Sue Palmer's weekly guide to the alphabet.
W is wonderful to teach to infants. You help them make wondrous wands of wood, wool, and wire with which they can weave a wiggly-waggly w in the air. "Down, up, down up!" you cry, and the wands wobble wildly in unison. In fact, as consonants go, w is quite a wow.
It's one of only three consonants (the others are r and y) that are allowed to participate in vowel digraphs: aw (awful), ew (new, blew) and ow (cow, snow).
It's also significantly silent in many words of Old English origin, like write. Long ago w was pronounced: try saying it in the old word wrought and you'll hear its familial connection to the almost synonymous worked, in which the w turned out stronger than the "r". W was also stronger than "h" in words like when and whisper, but lost the battle in who and whole. And was somehow swallowed in sword.

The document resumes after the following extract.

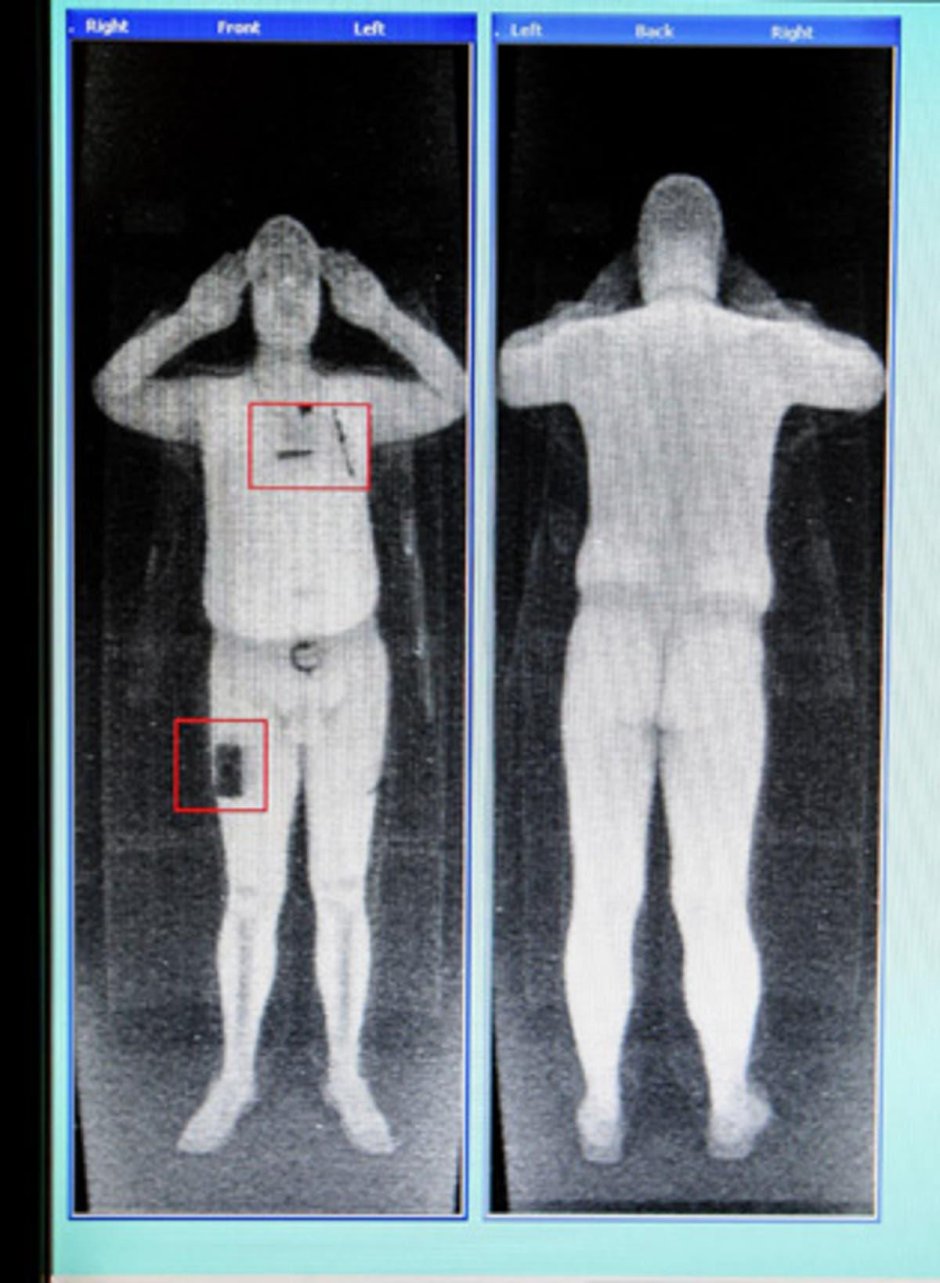 Сканер в аэропорту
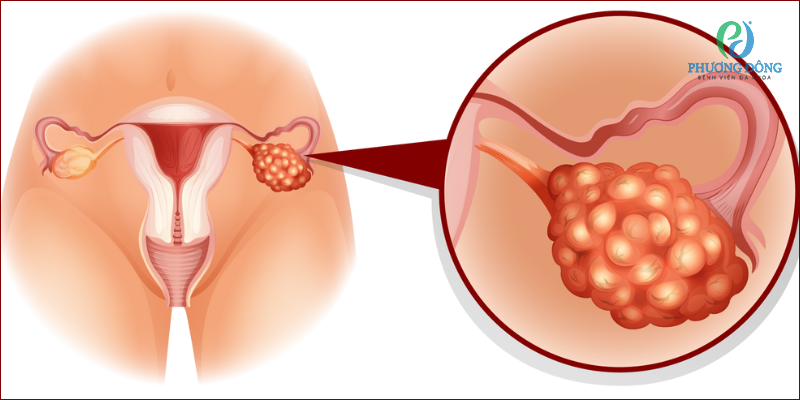 Hội chứng buồng trứng đa nang là một trong những rối loạn nội tiết phổ biến nhưng thường bị bỏ qua ở phụ nữ trong độ tuổi sinh sản.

One of the most interesting facets of w is the way it can change the sound of a succeeding vowel. "A" acquires an "o" sound in was and swan; "ar" sounds like "or" in ward and swarm; "o" sounds like "er" in work. Mind you, most children don't need to know this; they're happier picking up the stranger vagaries of spelling through visual memory.
It's one of the penalties of finding out about phonics that you notice these arcane facts. For mainstream teaching purposes, try not to overdo it: quirky little phonic rules don't have the same infant appeal as wiggly-waggly woolly wiry wands.